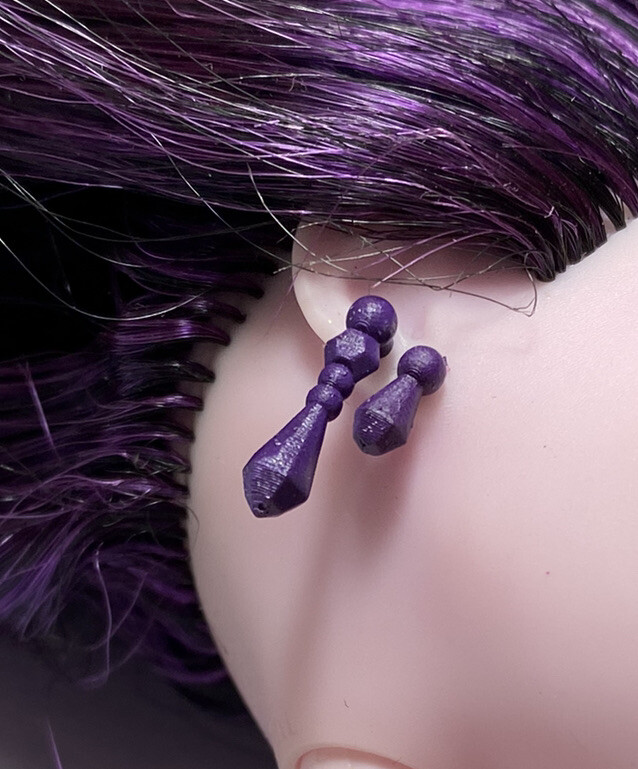 MONSTER HIGH Elissabat 1st First Wave Frights Camera Action Earrings X2 Pairs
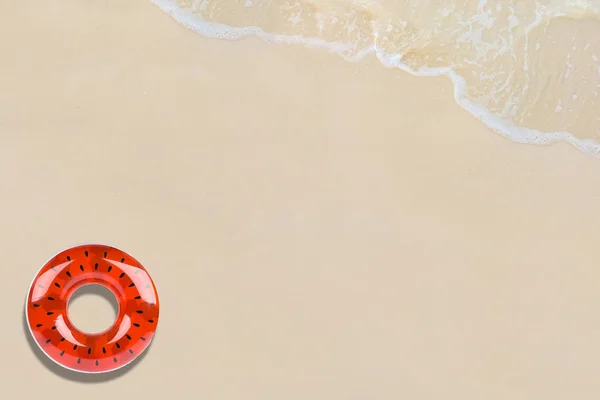 Foto Com Vista Superior Donuts Doces Praia Areia Com Ondas — Fotografia de Stock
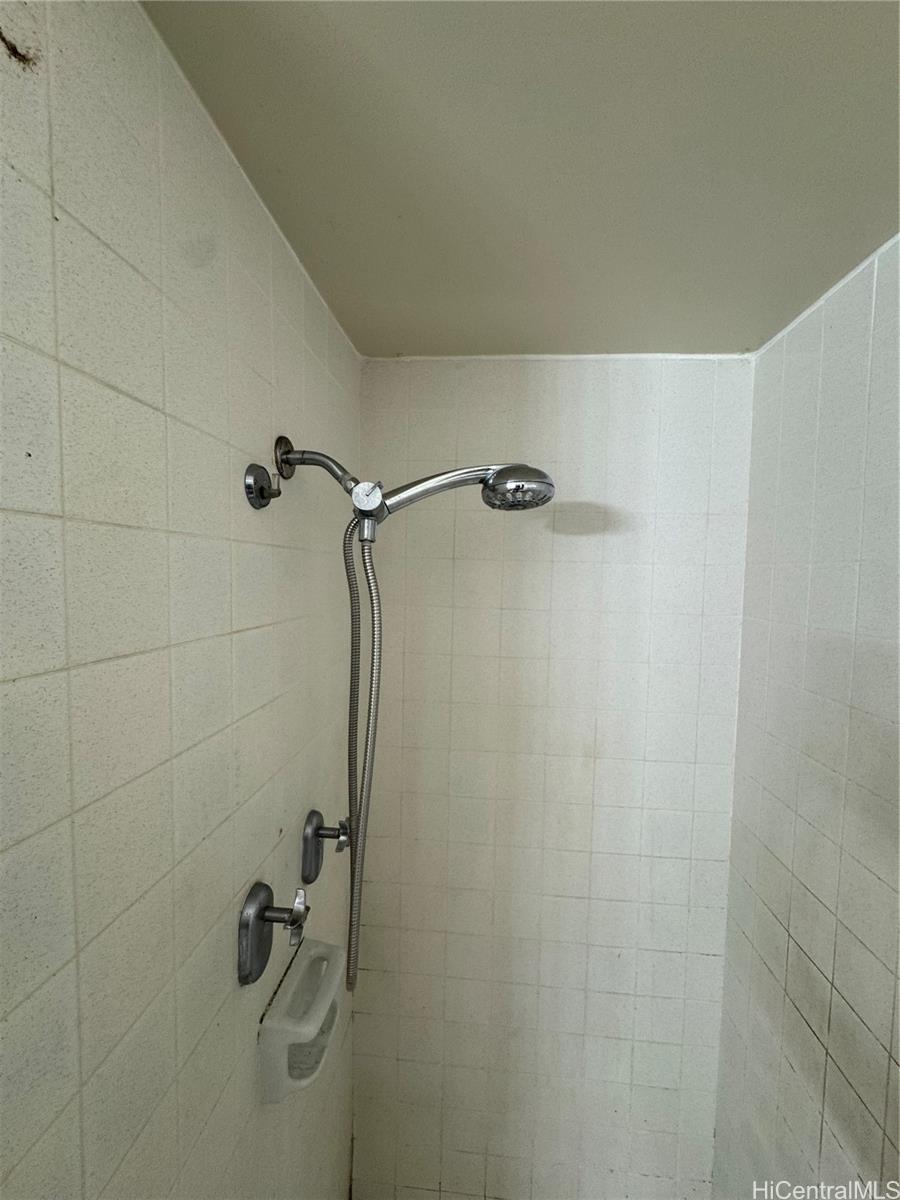 Photo 13 of 25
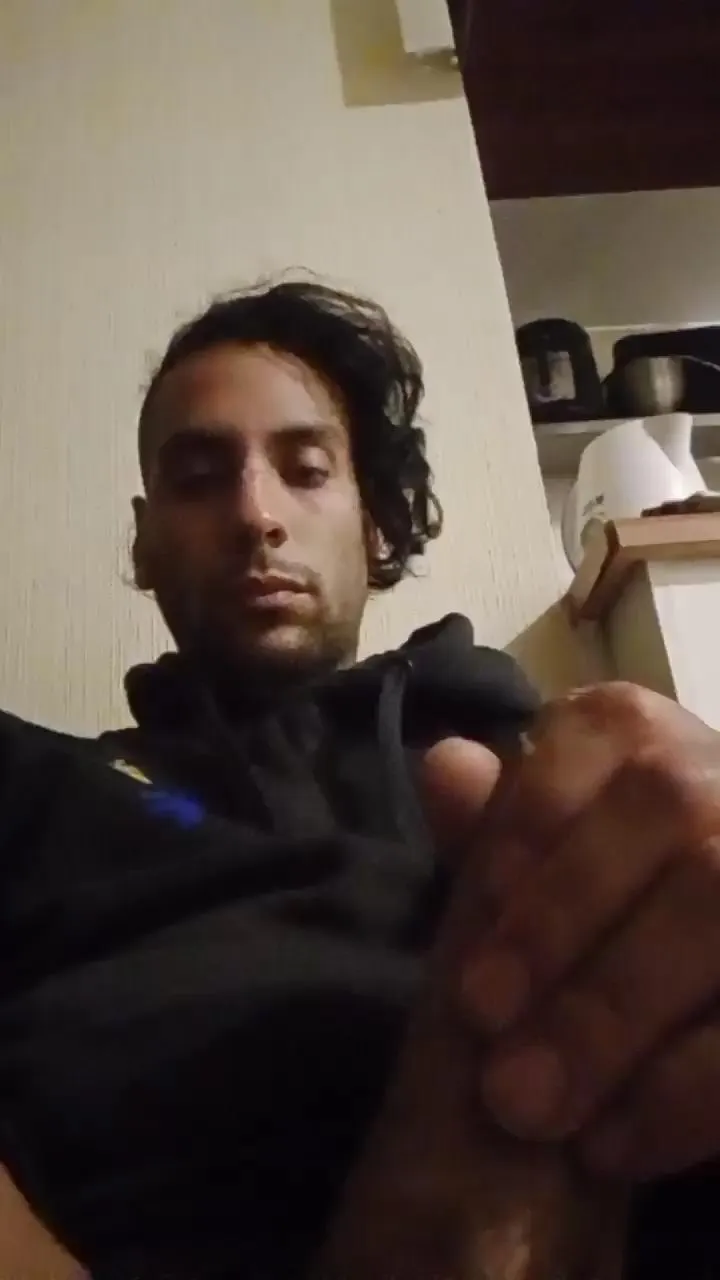 Offline fantom37 on Cam4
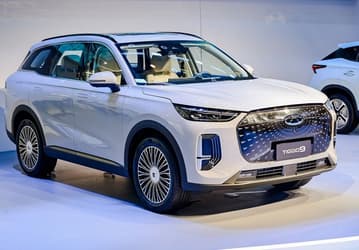 Мощность российского Chery Tiggo 9 составит 462 л.с., при этом расходовать он будет всего 5,2 л / 100 км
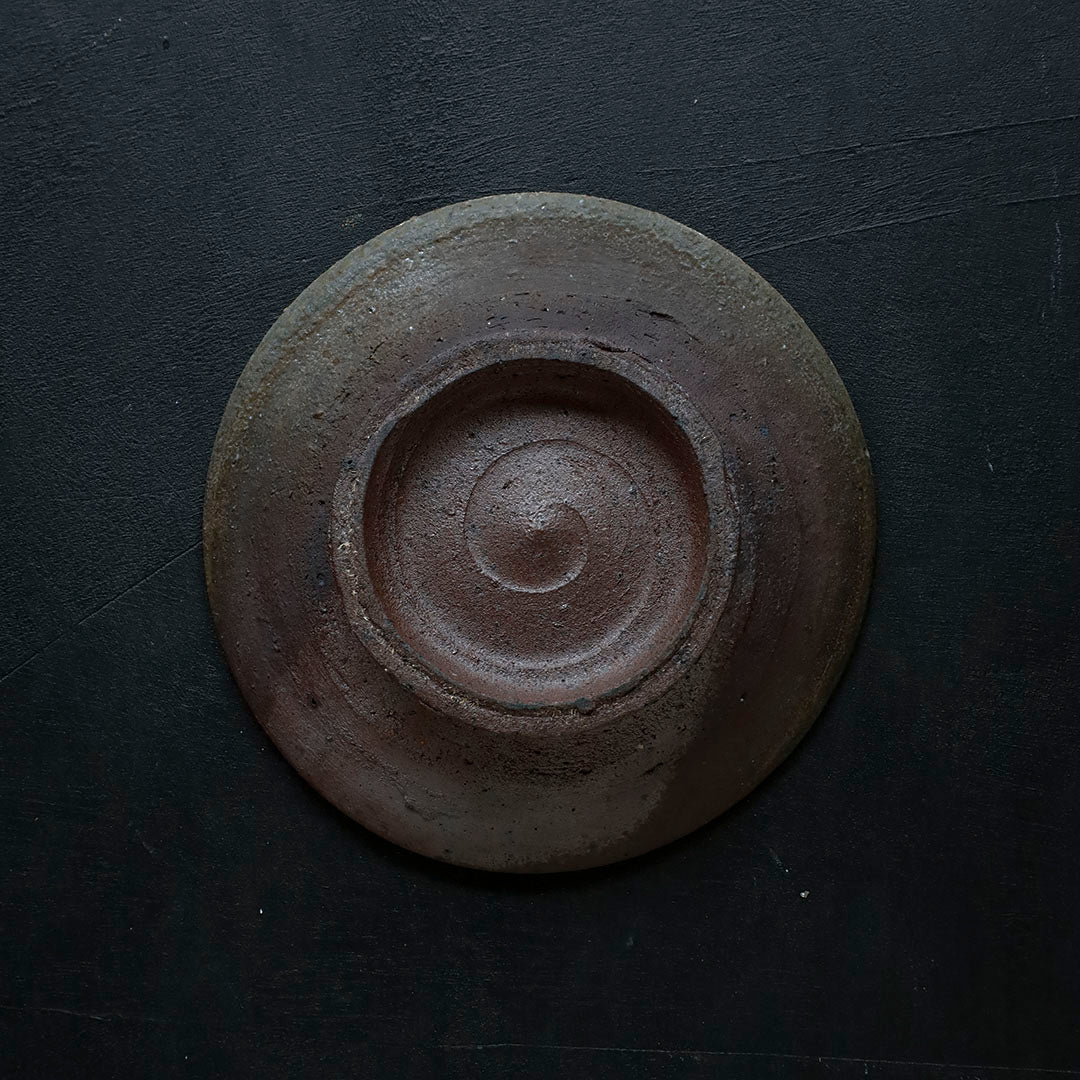 Manabu Kachi Plate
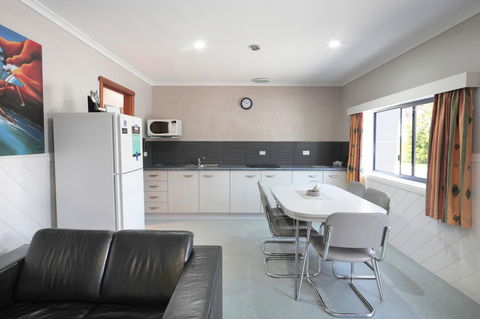 Georges Bay Apartments - Northern Rivers Accommodation 38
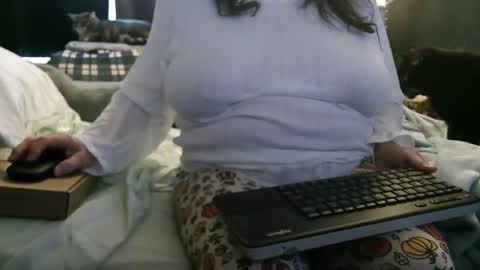 Snapshot of mysteriouswoman18 chatting on October 12, 12:42 pm mysteriouswoman18 online show from October 12, 12:42 pm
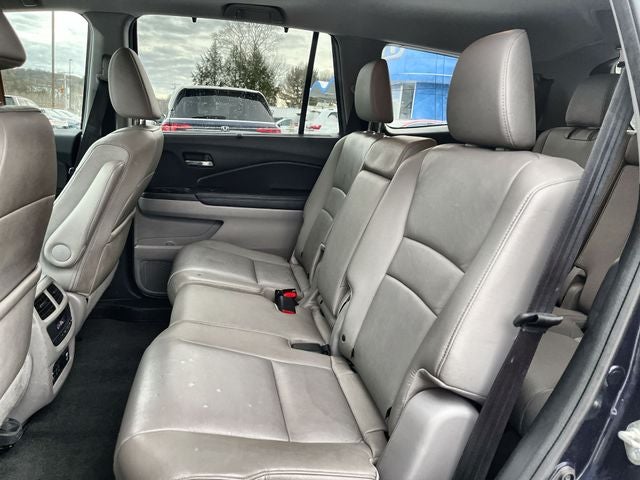 2016 Honda Pilot EX-L w/Rear Entertainment System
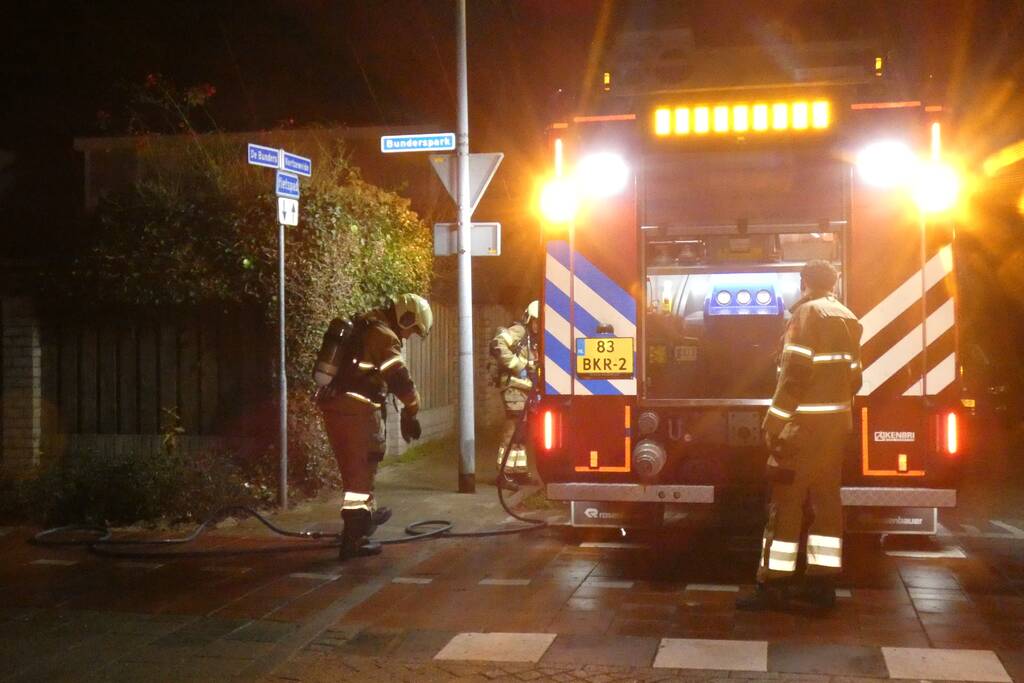 Kerstbomen in brand gestoken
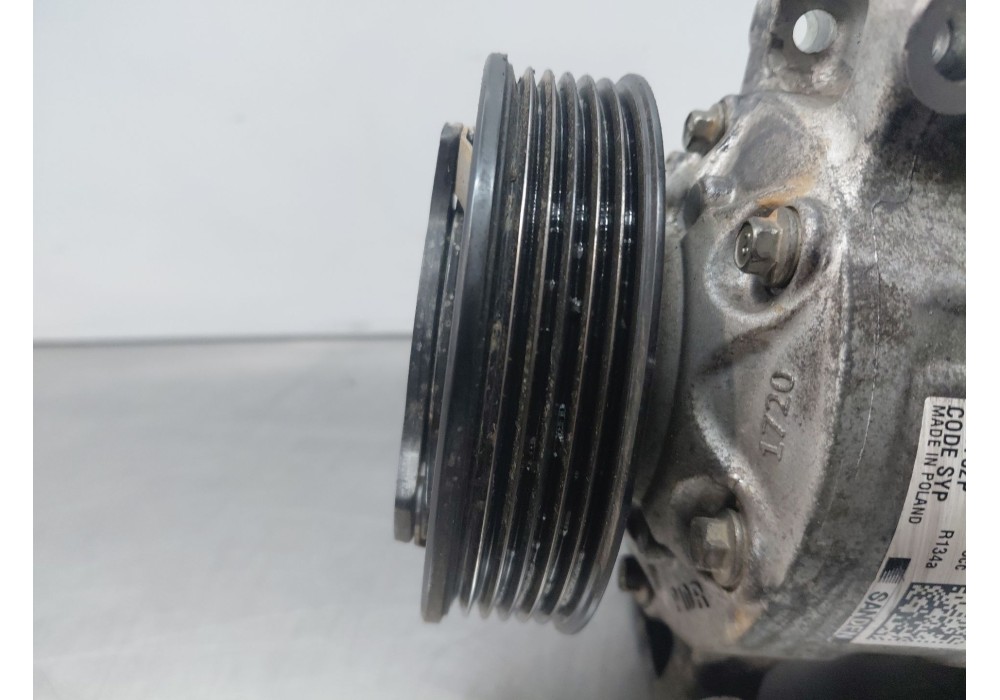 Recambio de compresor aire acondicionado para audi q3 (8ub, 8ug) 2.0 tdi quattro referencia OEM IAM 5K0820803G  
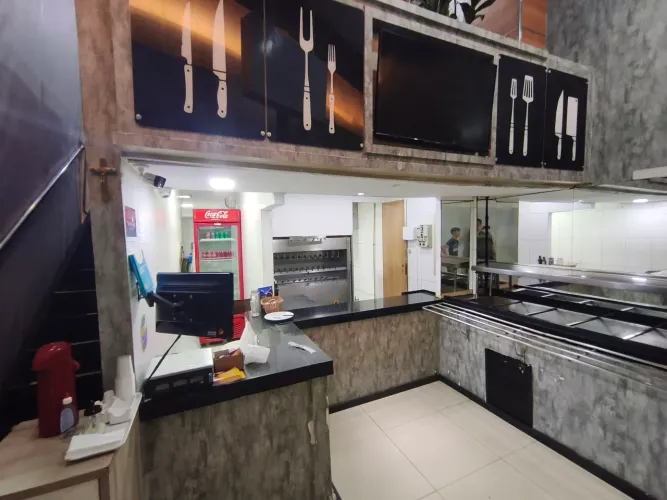 Passo Restaurante funcionando em praça de alimentação
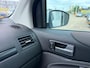 Ford Kuga 2.5 AWD en 200 Pk en trekhaak en parkeersensoren en bluetooth telefoon en airco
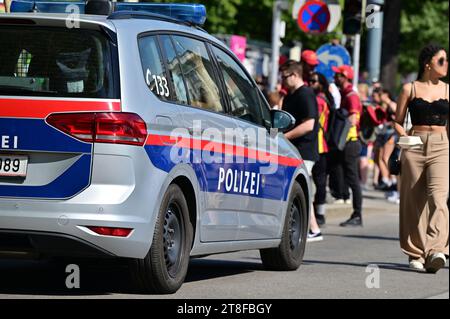 Polizeifahrzeug bei einer Großdemonstration (Regenbogenparade) in Wien, 17. Juni 2023 Stockfoto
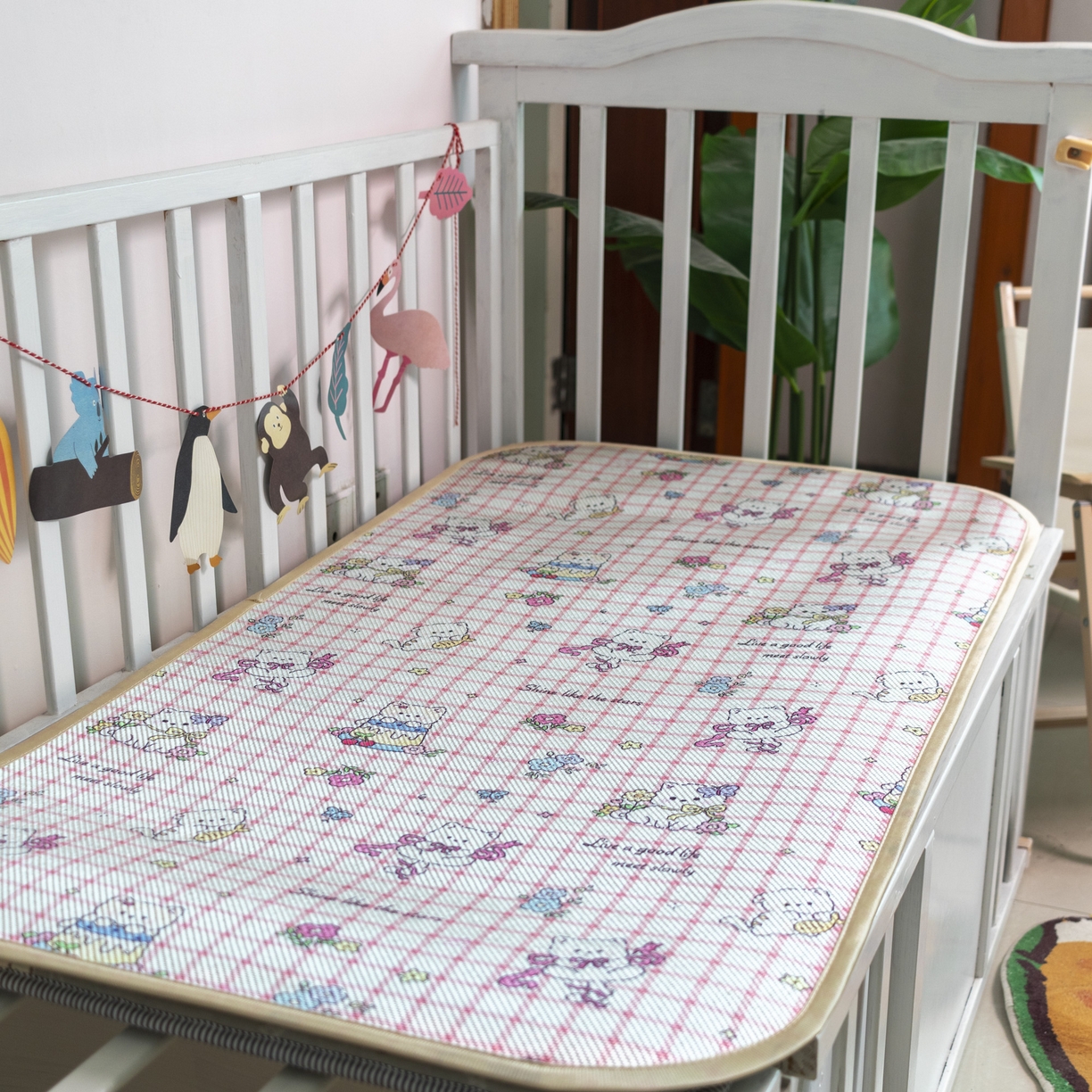 91家纺网 家纺一手货源 找家纺 欣宜家纺 2025新款可爱卡通儿童冰藤席 丝带猫咪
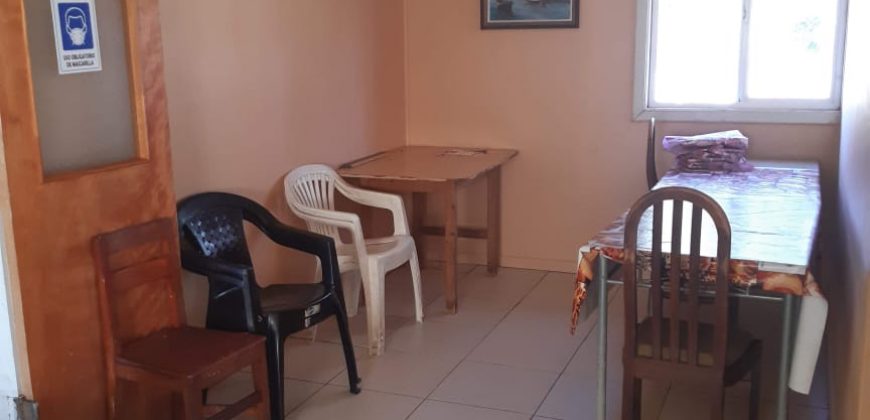 Parcela con 2 casas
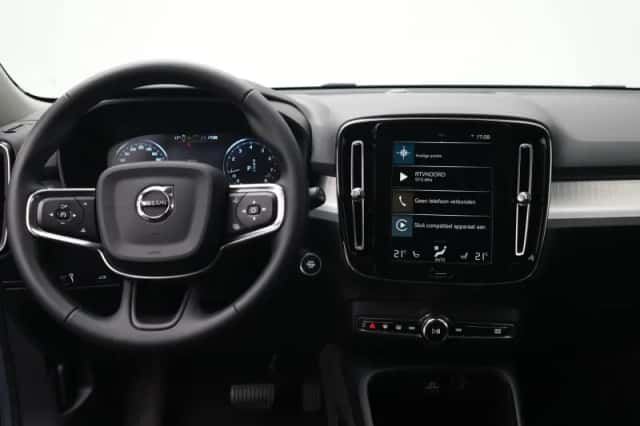 Volvo XC40 (2022) thumbnail 7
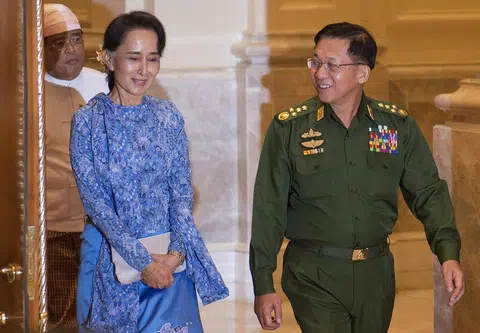 缅甸三军总司令敏昂来（右）是逮捕翁山淑枝（左）军事政变的关键人物。（法新社）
○ ○ ○ ○ ○ ○ ○
> **Work instructions**
With the pictures excluded, retype the records above verbatim.

> **Answer space**
 MONSTER HIGH Elissabat 1st First Wave Frights Camera Action Earrings X2 Pairs
 Foto Com Vista Superior Donuts Doces Praia Areia Com Ondas — Fotografia de Stock
 Photo 13 of 25
 Offline fantom37 on Cam4
 Мощность российского Chery Tiggo 9 составит 462 л.с., при этом расходовать он будет всего 5,2 л / 100 км
 Manabu Kachi Plate
 Georges Bay Apartments - Northern Rivers Accommodation 38
 Snapshot of mysteriouswoman18 chatting on October 12, 12:42 pm mysteriouswoman18 online show from October 12, 12:42 pm
 2016 Honda Pilot EX-L w/Rear Entertainment System
 Kerstbomen in brand gestoken
 Recambio de compresor aire acondicionado para audi q3 (8ub, 8ug) 2.0 tdi quattro referencia OEM IAM 5K0820803G  
 Passo Restaurante funcionando em praça de alimentação
 Ford Kuga 2.5 AWD en 200 Pk en trekhaak en parkeersensoren en bluetooth telefoon en airco
 Polizeifahrzeug bei einer Großdemonstration (Regenbogenparade) in Wien, 17. Juni 2023 Stockfoto
 91家纺网 家纺一手货源 找家纺 欣宜家纺 2025新款可爱卡通儿童冰藤席 丝带猫咪
 Parcela con 2 casas
 Volvo XC40 (2022) thumbnail 7
 缅甸三军总司令敏昂来（右）是逮捕翁山淑枝（左）军事政变的关键人物。（法新社）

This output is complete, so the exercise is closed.